Whatever appears in the records, retype it exactly, except for the pictures.

:: Material for this task ::
***

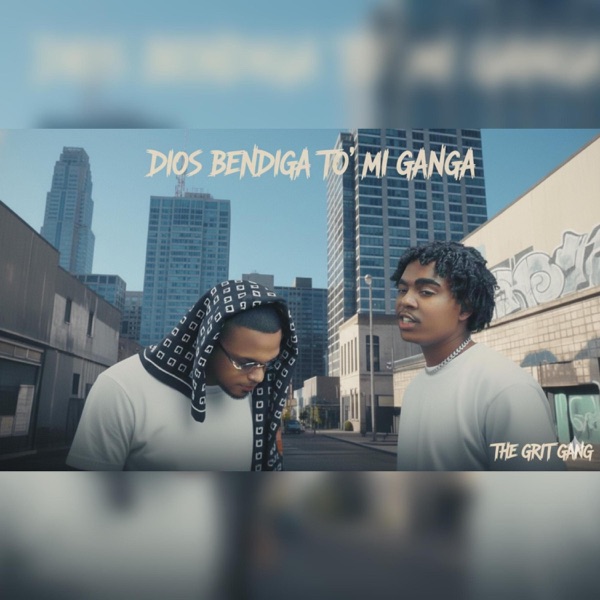 MI GANGA (feat. MANILO RD)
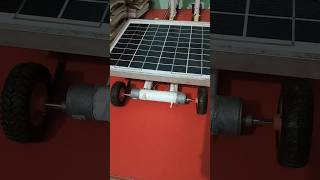 solar car #shorts #short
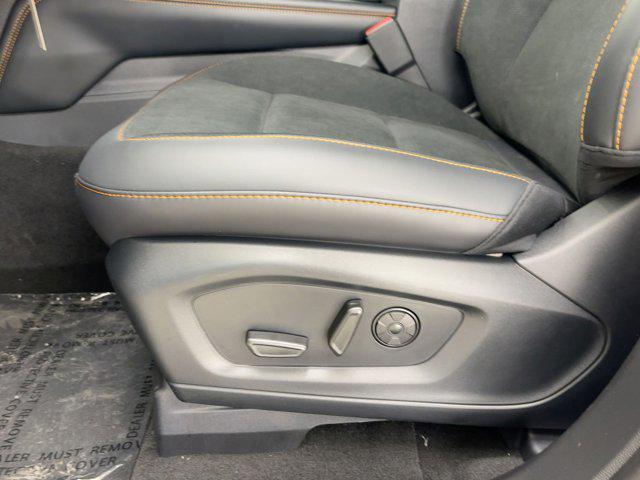 new 2026 Ford Explorer car, priced at $57,221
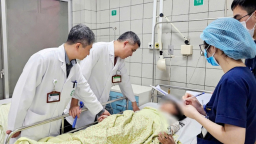 Hiểm họa thuốc không kê đơn từ vụ 2 bệnh nhi uống 54 viên Paracetamol nguy kịch: 'Âm thầm' nhưng có thể mất mạng  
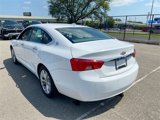 Used 2015 Chevrolet Impala LT w/ Convenience Package image 5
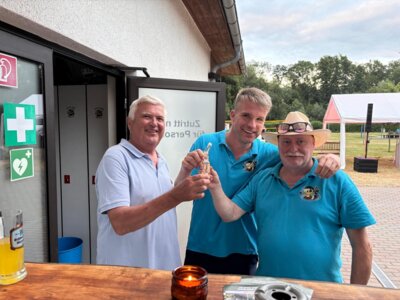 Foto des Albums: Benefiz-Sommernachtstanz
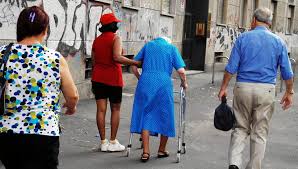 Trend Google: inps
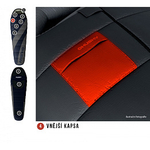 СПАЛЬНЫЙ МЕШОК HUSKY ENEMY -12С 210х85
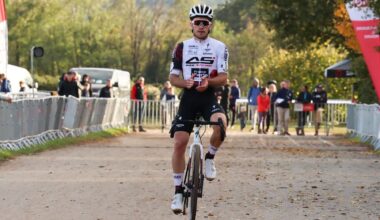 David Menut : « Je suis le premier des vieux » - Actualité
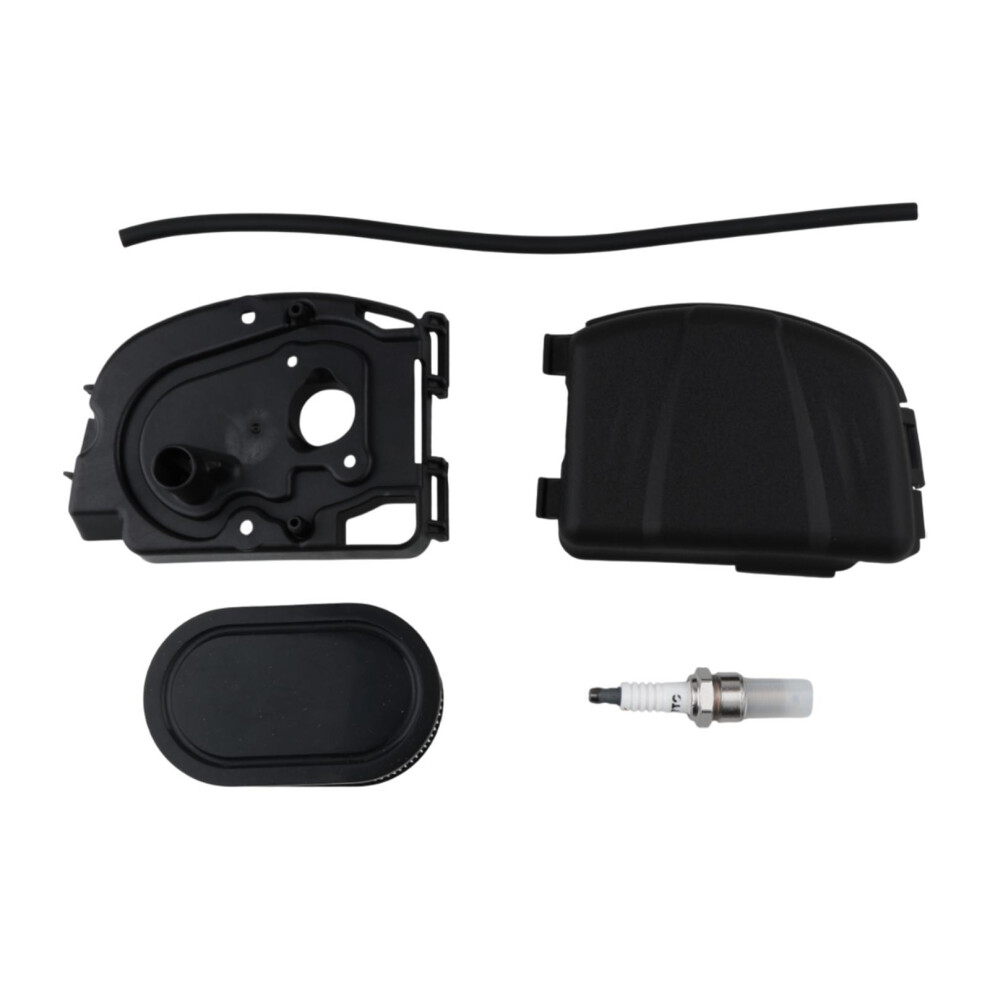 Effective 595658 Air Cleaner Cover And Base Set For 550E 093J02 595658-image-OPC-PMXK6SF-NEW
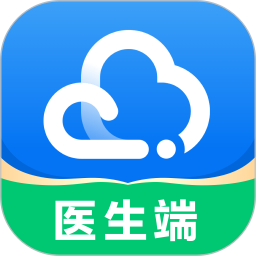 健诊云医生端2026官方新版图标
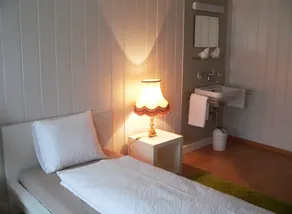 B&B Gästehaus Rössli Schwellbrunn - Image 5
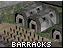 Barracks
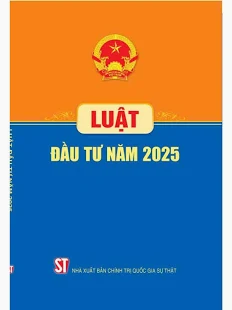 Tổng hợp các nội dung mới nhất của Luật Đầu tư 2025.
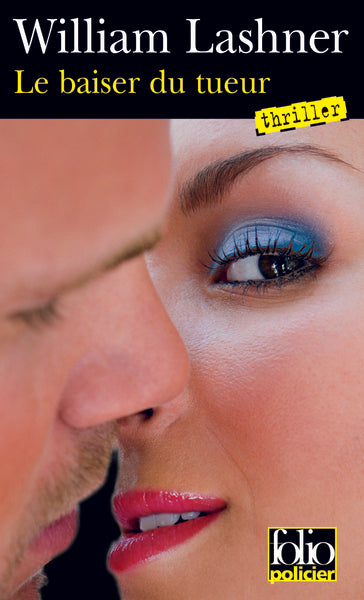 Le baiser du tueur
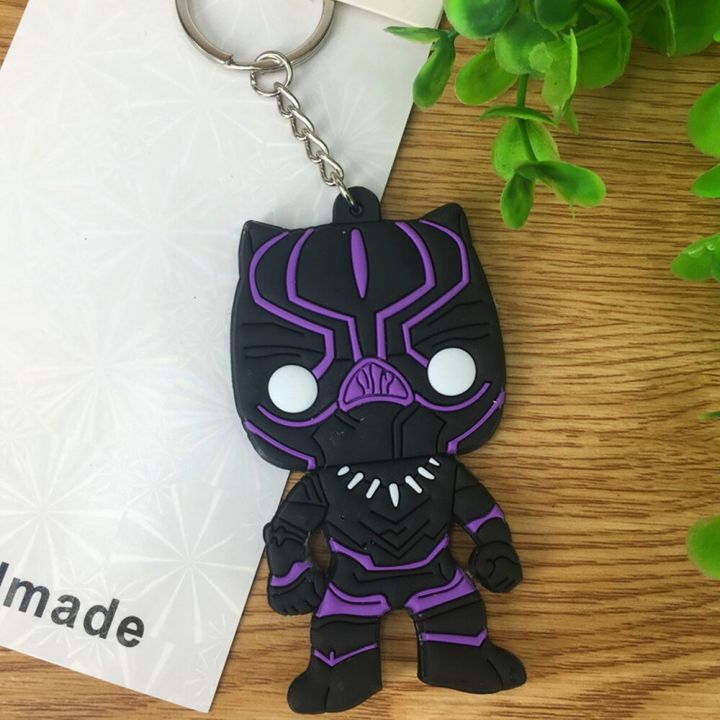 Marvel%20Superhero%20Black%20Panther%20Keychain%20Jewelry%20Accessories%20Movie%20Avengers%20Pendant%20Keyring%20Car%20Backpack%20Key%20Chain%20Quality%20Gifts%20-%20Image%208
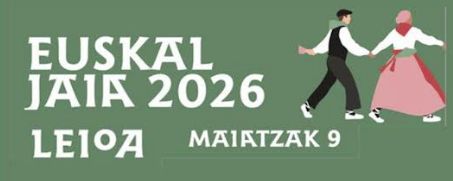Leioa celebrará su primera Euskal Jaia: conoce la programación completa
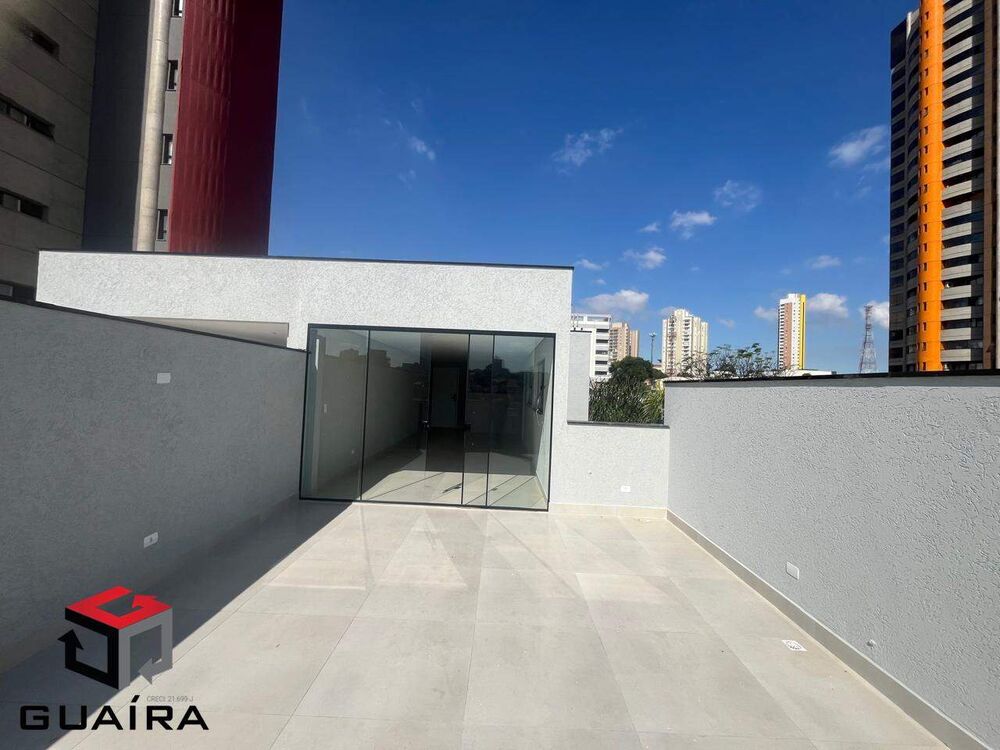 Cobertura à venda com 3 quartos, 140m² - Foto 28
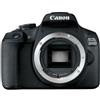Canon Corpo per EOS 2000D "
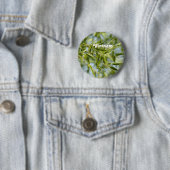 Badge Rond 5 Cm Bambou (En situation)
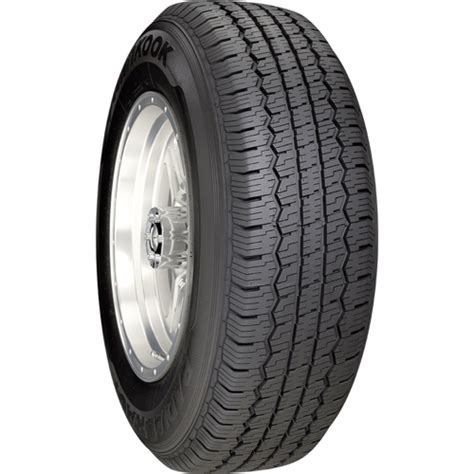 Hankook Ra07 P 245 70 R17 108t Sl Bsw Discount Tire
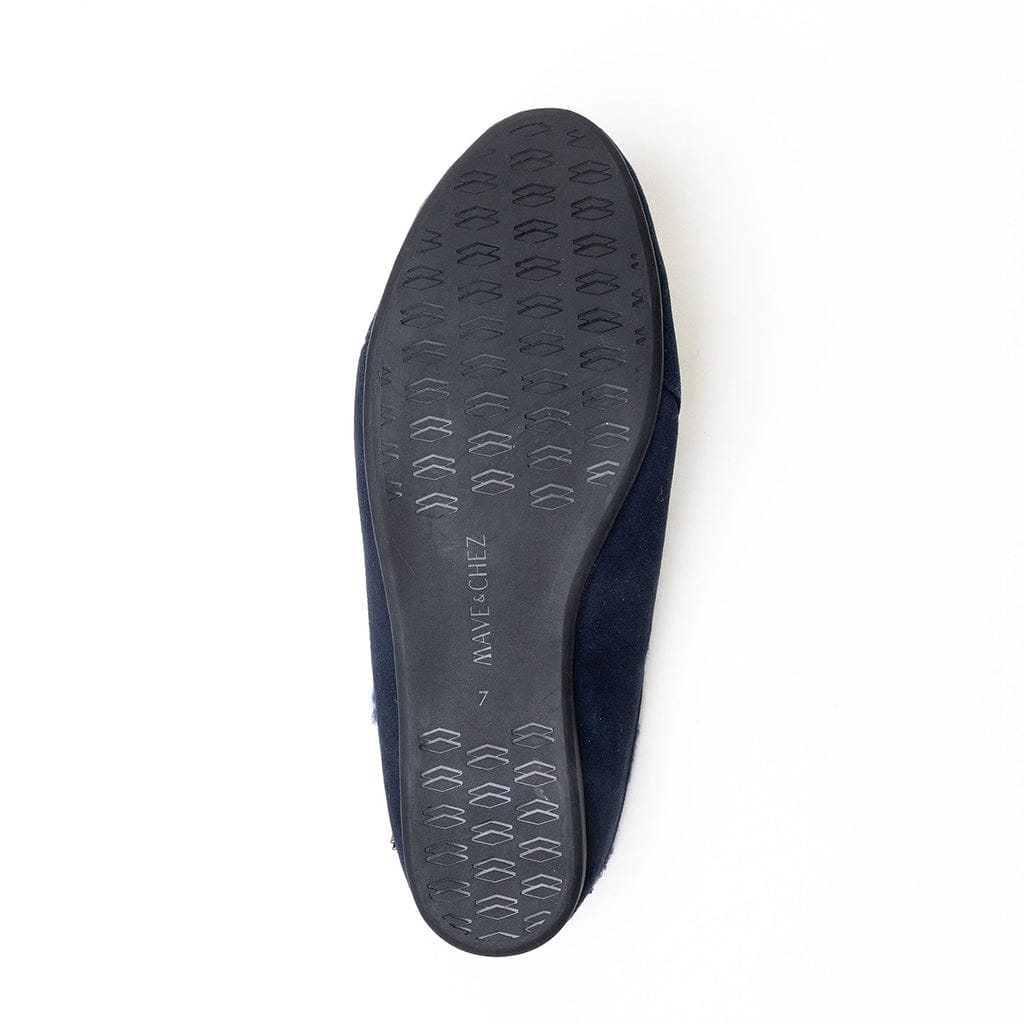 The Maya - Backless Mule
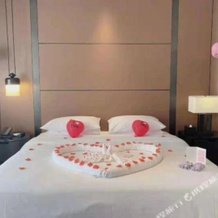 Wellton Royal Garden Hotel, Ganzhou — photo 2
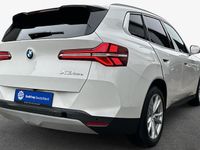 Neu BMW X3 299 PS (219 kW) 2026 Weiß SUV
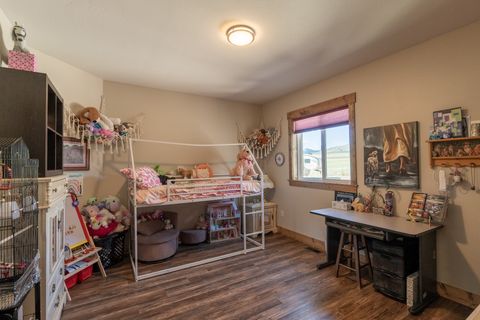 Tiny photo for 51 Whitehorse Road, Townsend, MT 59644 (MLS # 30069505)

***

:: Answer to this exercise ::
 MI GANGA (feat. MANILO RD)
 solar car #shorts #short
 new 2026 Ford Explorer car, priced at $57,221
 Hiểm họa thuốc không kê đơn từ vụ 2 bệnh nhi uống 54 viên Paracetamol nguy kịch: 'Âm thầm' nhưng có thể mất mạng  
 Used 2015 Chevrolet Impala LT w/ Convenience Package image 5
 Foto des Albums: Benefiz-Sommernachtstanz
 Trend Google: inps
 СПАЛЬНЫЙ МЕШОК HUSKY ENEMY -12С 210х85
 David Menut : « Je suis le premier des vieux » - Actualité
 Effective 595658 Air Cleaner Cover And Base Set For 550E 093J02 595658-image-OPC-PMXK6SF-NEW
 健诊云医生端2026官方新版图标
 B&B Gästehaus Rössli Schwellbrunn - Image 5
 Barracks
 Tổng hợp các nội dung mới nhất của Luật Đầu tư 2025.
 Le baiser du tueur
 Marvel%20Superhero%20Black%20Panther%20Keychain%20Jewelry%20Accessories%20Movie%20Avengers%20Pendant%20Keyring%20Car%20Backpack%20Key%20Chain%20Quality%20Gifts%20-%20Image%208
Leioa celebrará su primera Euskal Jaia: conoce la programación completa
 Cobertura à venda com 3 quartos, 140m² - Foto 28
Canon Corpo per EOS 2000D "
 Badge Rond 5 Cm Bambou (En situation)
 Hankook Ra07 P 245 70 R17 108t Sl Bsw Discount Tire
 The Maya - Backless Mule
 Wellton Royal Garden Hotel, Ganzhou — photo 2
 Neu BMW X3 299 PS (219 kW) 2026 Weiß SUV
 Tiny photo for 51 Whitehorse Road, Townsend, MT 59644 (MLS # 30069505)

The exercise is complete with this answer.